Here in Michigan, we wait patiently, patiently, and then very impatiently, for the summer sun. We spend more than half of our year in the cold and coolth, somewhere from early-September to even mid-May. And every year, somewhere around early to mid-March, I abandon my winter wear out of principal alone, even if a bit prematurely. I’ll venture out in a 20 degree white squall in a sweater or turtleneck alone just to make my point.

So, when summer does make its way to these parts, it’s with great surprise and relief that it ever arrives. We relish the long light, dinners linger late on decks and west-facing back porches, I begin shooting at 6:30 and 7:00 to ensure we capture that soft, golden light. By late August, all of my senior portrait clients are boasting their late summer tans.

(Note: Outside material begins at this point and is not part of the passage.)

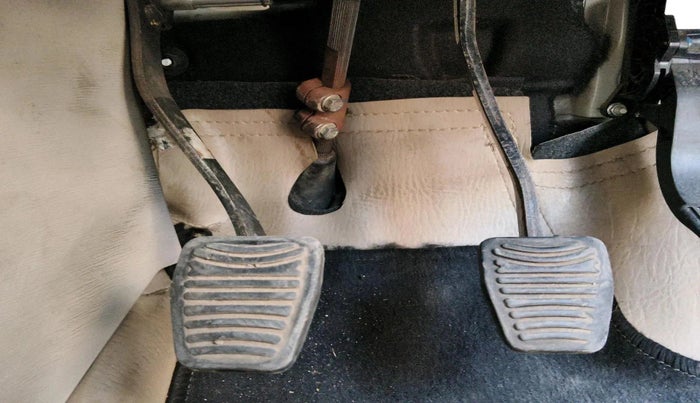 2017 Mahindra XUV500 W6, Diesel, Manual, 76,403 km, interior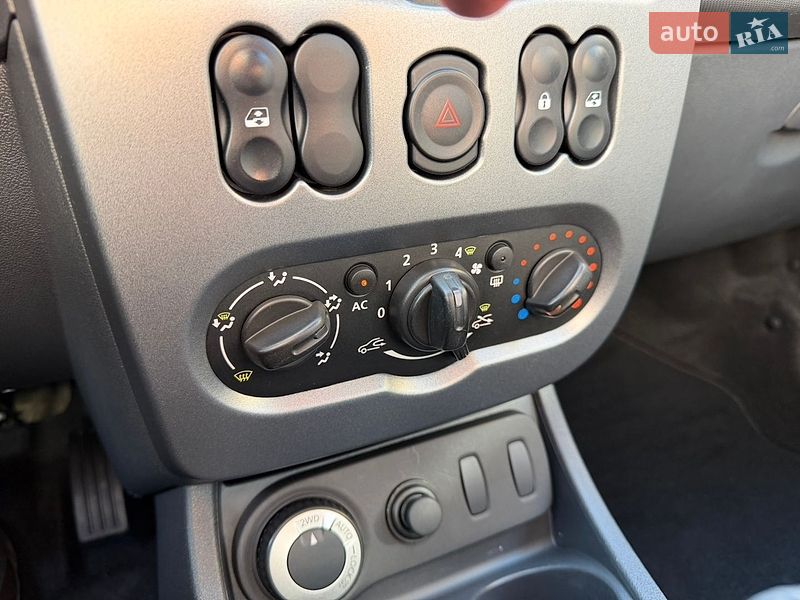 Позашляховик / Кросовер Dacia Duster 2013 в Тернополі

But being from the North, I admit I have a bit of reverse SAD (seasonal affected disorder). Unlike most people, I actually long for the winter months most of all. I become a bit “interior” during the cold, dark winter. Admittedly, it draws out a bit of my melancholy side, but with it comes my creative mind.

That being the case, I love photographing in the beautiful winter light. The dark shadows, the earlier days. Winter light is intimate, interior, introspective. And with that in mind, I knew the perfect place in mind to photograph little Jack on our cold, January day.

It had been many years since I set foot in John King Books. It sits right off of the Howard Street exit of the Lodge (the 10) Freeway as you round the final curve and spill into the heart of downtown Detroit. A sturdy four-story building of mottled and chipping light blue white paint sits proudly and blends artfully into the urban backdrop of Detroit.

Formerly the Advance Glove factory building, a relic of the bygone days of Detroit’s manufacturing, the building had actually been “picked up and moved” 600 feet to make way for the 1940s freeway construction that now ushers you to its front door. John King, overflowing with books from previous locations, bought the building in 1983.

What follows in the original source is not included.